EXERCISE: Transcribe the entries below word for word, beginning at the line with "Hera - Chocolate" and stopping after the line with "A beautiful bird"; drop all pictures.

** Opening ENTRIES PROVIDED block **

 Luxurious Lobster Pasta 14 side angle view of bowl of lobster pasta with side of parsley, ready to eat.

** Closing ENTRIES PROVIDED block **
** Opening ENTRIES PROVIDED block **

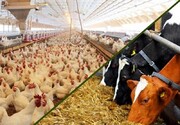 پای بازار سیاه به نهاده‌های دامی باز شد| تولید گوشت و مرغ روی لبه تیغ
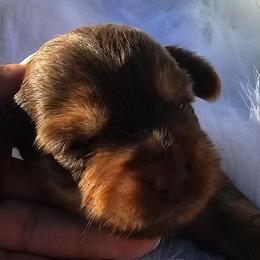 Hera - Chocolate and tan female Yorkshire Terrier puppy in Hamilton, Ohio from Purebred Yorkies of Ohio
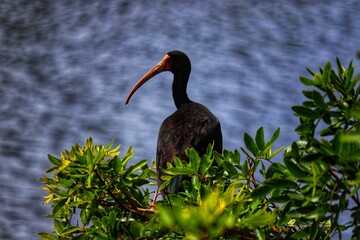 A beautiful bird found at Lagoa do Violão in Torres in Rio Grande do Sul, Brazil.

** Closing ENTRIES PROVIDED block **
** Opening ENTRIES PROVIDED block **

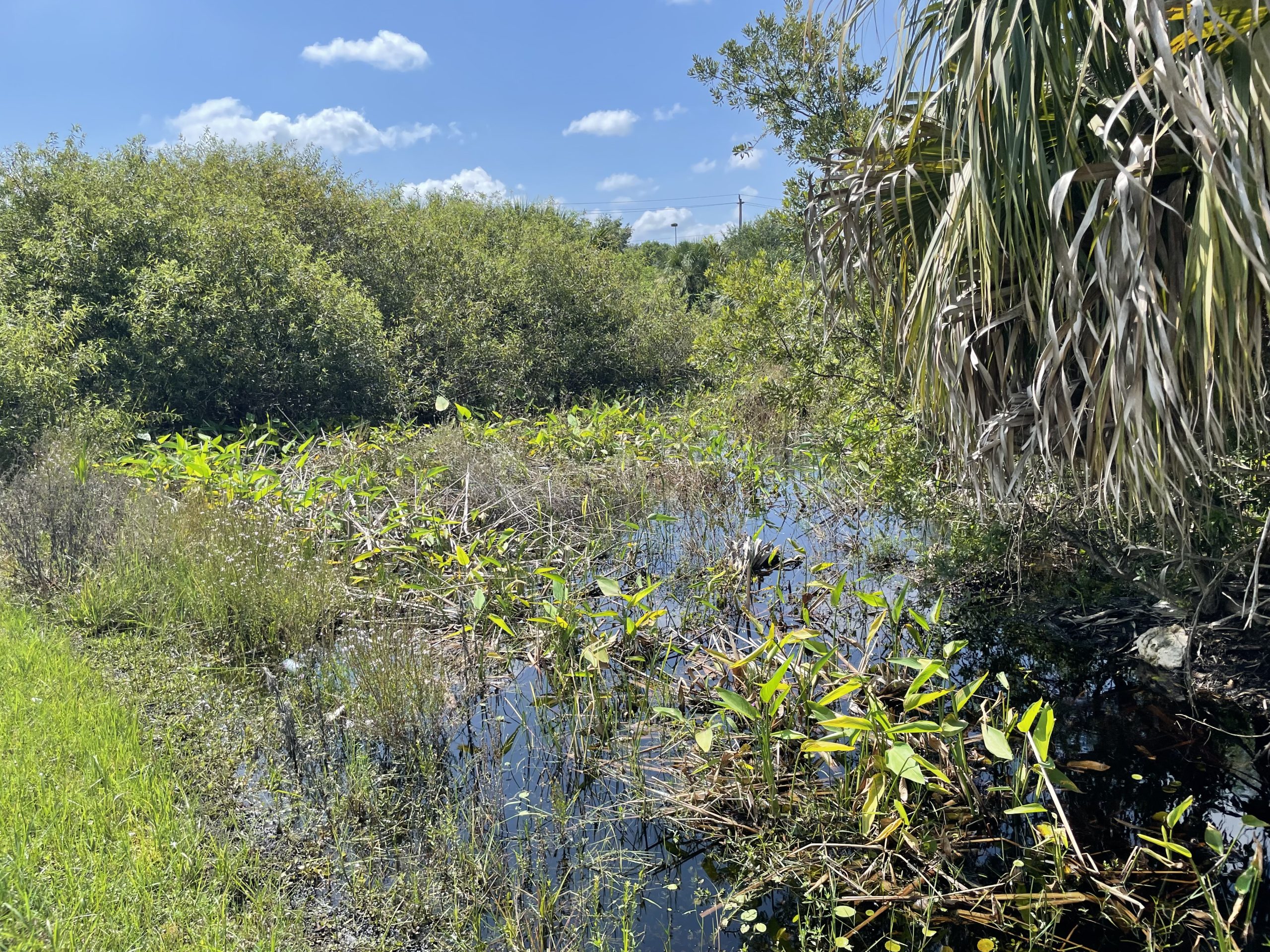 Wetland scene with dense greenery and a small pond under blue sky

** Closing ENTRIES PROVIDED block **

RESPONSE FOR THIS EXERCISE:
 Hera - Chocolate and tan female Yorkshire Terrier puppy in Hamilton, Ohio from Purebred Yorkies of Ohio
 A beautiful bird found at Lagoa do Violão in Torres in Rio Grande do Sul, Brazil.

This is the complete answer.